O ministro da Saúde moçambicano revelou hoje que pelo menos 54 profissionais foram expulsos no ano passado por más práticas no setor e prometeu “mão dura” e “tolerância zero”, avisando que não haverá “piedade” para essas infrações.
“Vamos ser muito implacáveis nesta componente. Mão dura nesta componente. E quando esta componente do mau atendimento, das cobranças ilícitas, roubo de medicamentos tiver rosto, não haverá piedade. Tolerância zero”, afirmou Ussene Isse, durante o 51.º Conselho Coordenador da Saúde, que decorre na cidade da Beira, província de Sofala, centro de Moçambique.
O ministro considerou que estes comportamentos, praticados por uma minoria, prejudicam a imagem dos milhares de profissionais que trabalham no setor, defendendo que a resposta deve passar pelo reforço da responsabilidade, da ética e da qualidade no atendimento à população.
“Eu sinto alguma vergonha quando sou confrontado com esta questão do atendimento ao povo moçambicano. Por isso, colegas, o nosso compromisso é que temos de ser reconhecidos como o contingente ou grupo que acabou com o mau atendimento, acabou com as cobranças ilícitas, acabou com o furto de medicamentos”, disse.
Isse pediu aos gestores e diretores das unidades sanitárias para acompanharem diretamente o funcionamento dos hospitais, incluindo maternidades, serviços de urgência e armazéns de medicamentos, e defendeu visitas não anunciadas para verificar as condições de atendimento.
“Colegas, gestores, diretores que estão aqui, saiam dos gabinetes, deixem aquele conforto ali, do gabinete, vai ficar ali com os colegas, na base, no terreno. Fazer consultas, acompanhar os doentes, ver a maternidade, ver os pontos de socorro, controlar”, afirmou.

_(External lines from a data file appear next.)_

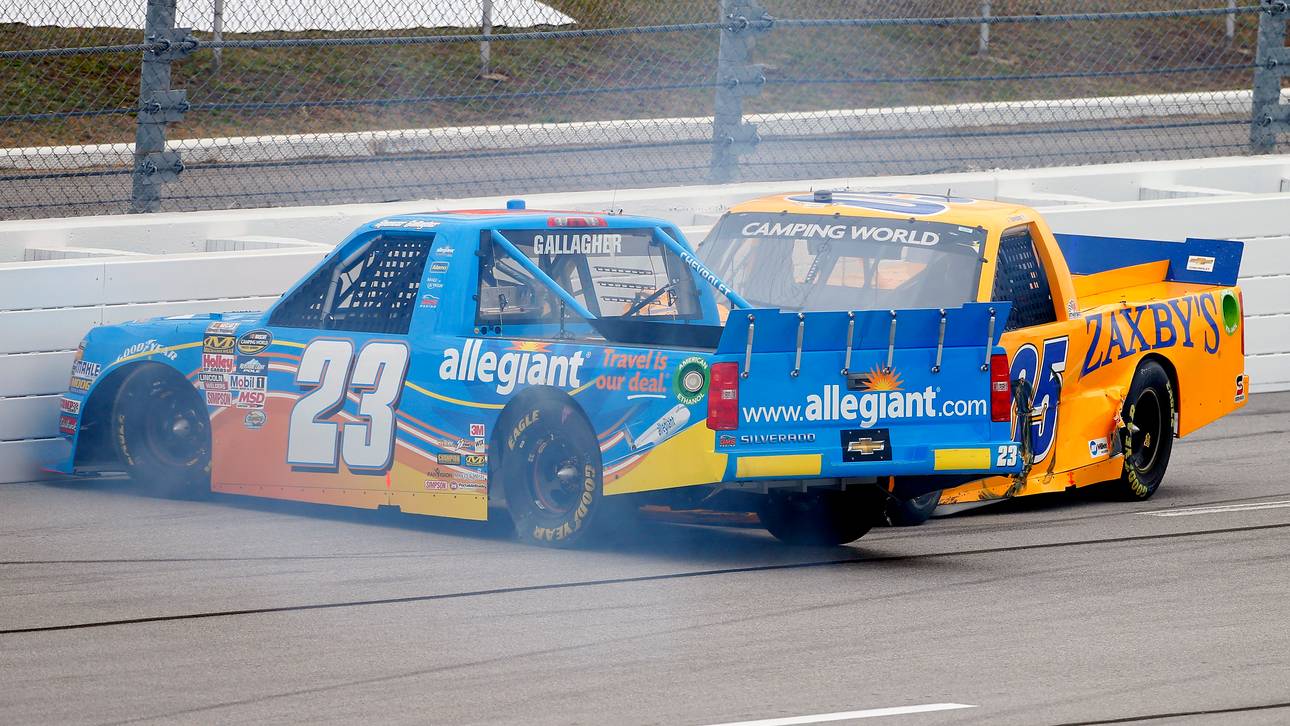 Erst Truckcrash, dann Ringkampf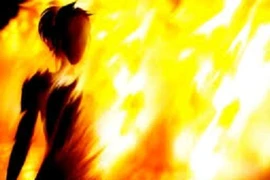 Bị nghi ngoại tình, chồng thiêu sống vợ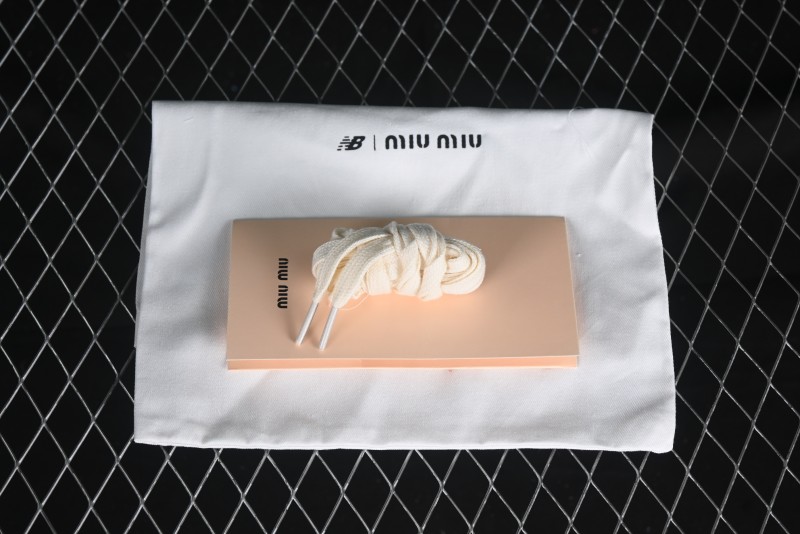 MiuMiu x New Balance 530 Low-Top Classic Retro Casual Slip-On - AJD4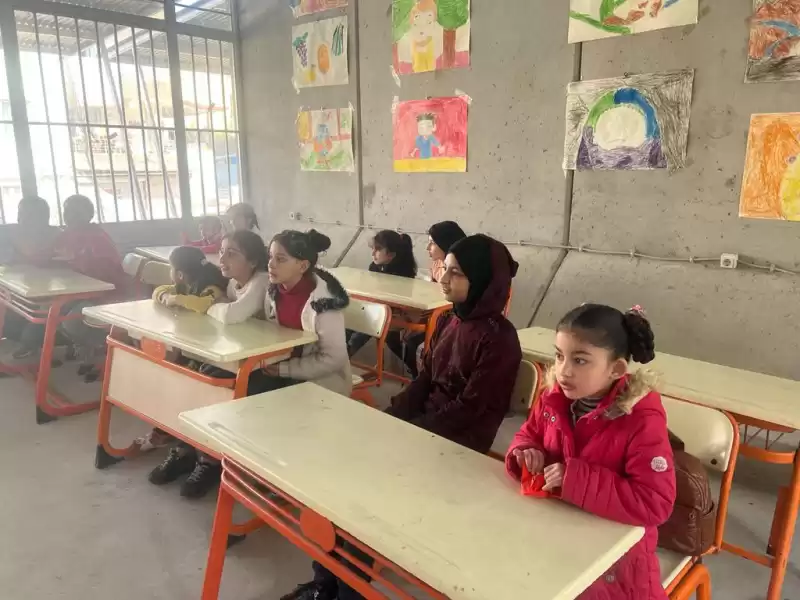 TAYVAN KÜLTÜR MERKEZİN’DE TAYVAN’LI EĞİTİMCİLER. TAHTA BAŞINDA.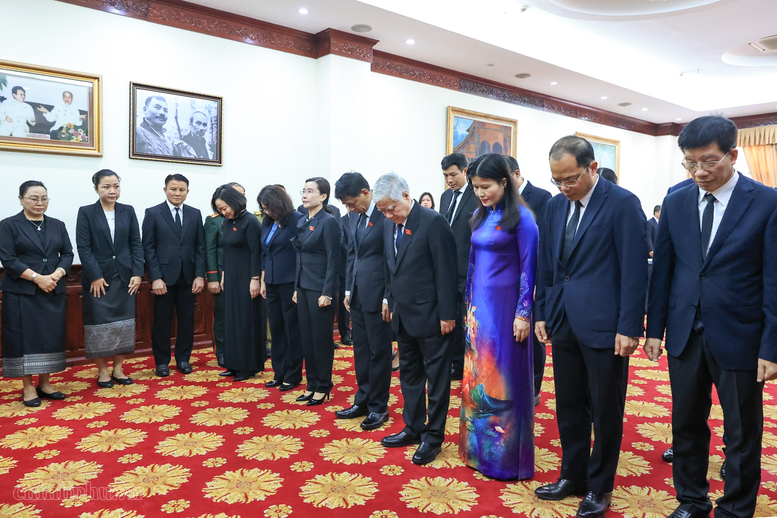 Lãnh đạo Đảng, Nhà nước viếng đồng chí Saysomphone Phomvihane, Ủy viên Bộ Chính trị, Chủ tịch Quốc hội Lào- Ảnh 8.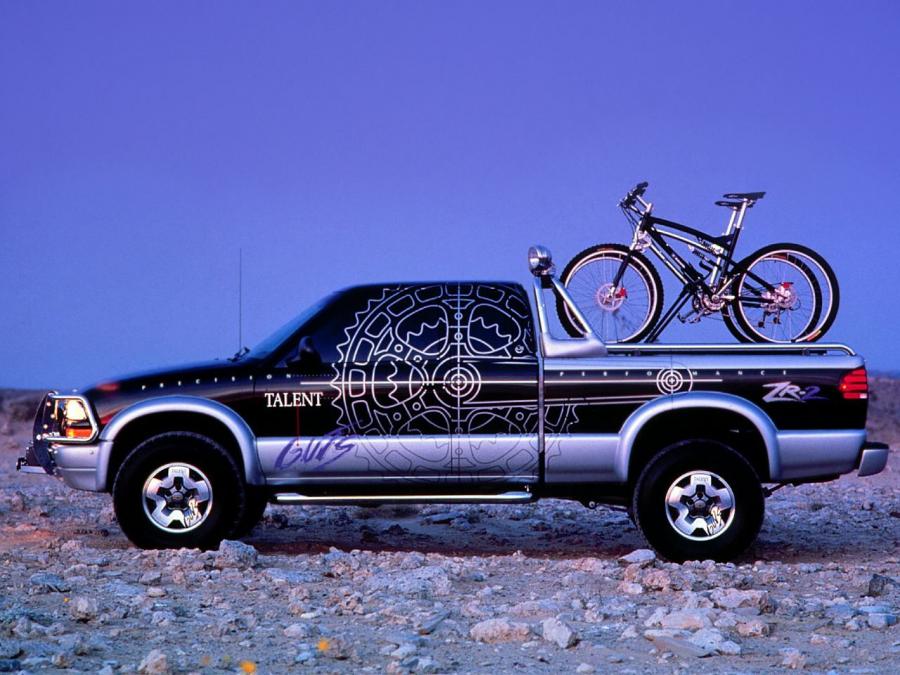  Chevrolet S-10 ZR2 Extended Cab 1998 года  (фото 3 из 15)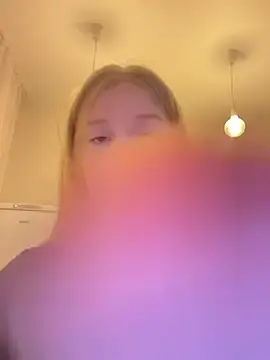 Stripchat Free Porn Cam of Evie_Wayne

O governante defendeu que os responsáveis que não estejam preparados para enfrentar os problemas devem ser substituídos, comparando a gestão do setor a uma equipa desportiva que precisa de trocar jogadores quando estes não conseguem contribuir para alcançar os objetivos definidos.
O secretário de Estado de Sofala, Manuel Rodrigues, revelou, por sua vez, que foram instaurados 29 processos disciplinares a profissionais de saúde, numa medida que, segundo afirmou, visa combater práticas lesivas e valorizar os trabalhadores que exercem as suas funções com dedicação e responsabilidade.
“A saúde é um direito cidadão e não pode transformar-se numa oportunidade de enriquecimento ilícito. Por isso, continuaremos, como província, a fortalecer os mecanismos de controle interno, a fiscalização, a denúncia, para irmos melhorando cada vez mais a precisão de cuidar da saúde da nossa população”, afirmou.
Entre as prioridades do setor estão o reforço da saúde comunitária, tendo o ministro anunciado ainda a entrega de medicamentos e material médico-cirúrgico, prevista para dia 14.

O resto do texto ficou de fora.